NLP: Can't even fit training data

(JDV) #1

Hey guys, I’m tackling an NLP task and I’m having problems improving my model. It’s a text classification task and I’m of course using ULMFiT techniques to train my model. Thing is, I can’t even fit training data properly, let alone have a good enough model for my task. What do you guys reckon I should be doing?

I’ve tried using both LSTMs and QRNNs with no sucess without sucess.

I’ve considered the fact that I might be using a learning rate that’s too small but this is the graph I’m getting with lr_finder and I’ve tried everything from 1e-7 to 1e-2. Anything past that just gets the model to diverge (or should I try it out for a few epochs?)


My model plateaus at a loss of 0.65, not that below of what the lr_finder function achieved which is pretty worrying.

Using various data cleaning methods the most I’ve achieved is 69% accuracy while other people have achieved ~80% accuracy.

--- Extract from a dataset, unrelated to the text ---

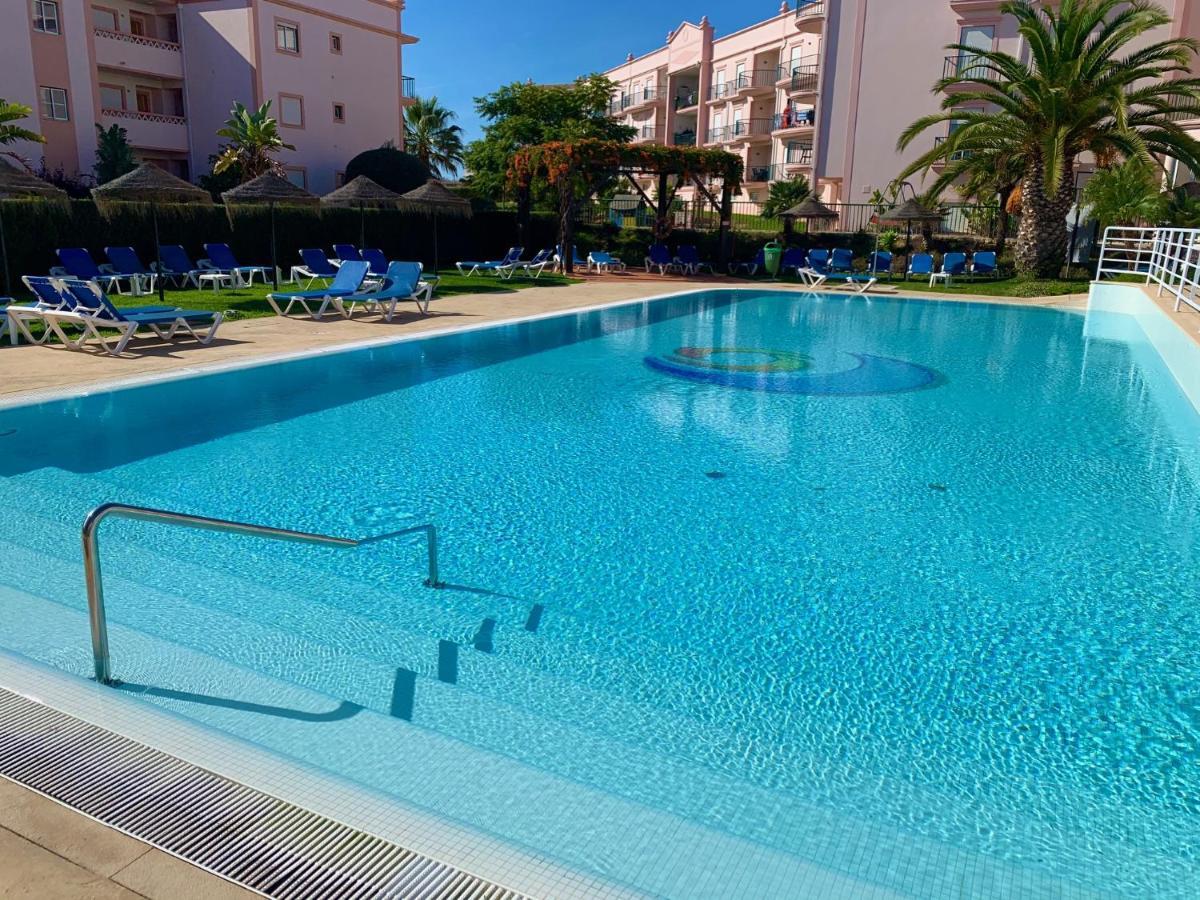 St. James Beach & Pool Apartment Luz Esterno foto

Any pointers or help? Thanks!

(Yoong Kang Lim) #2

Hard to tell without seeing your model or data and the steps taken, but not being able to fit training data sounds like it could be too much regularisation. Have you tried playing around with your dropout and weight decay parameters? Also, is your loss function suitable?

(JDV) #3

It’s a text classification task using tweets as input data. Pretty unclean data, too. I actually finally managed to fit the training data somewhat better last night which was huge. Getting it to overfit just a little bit was a breath of fresh air, that’s how desperate I was.

I also found out I was measuring accuracy wrong. After I corrected that I got a lot closer to SOTA results. Will update the thread as I keep tuning the model and (hopefully) pass current SOTA accuracy.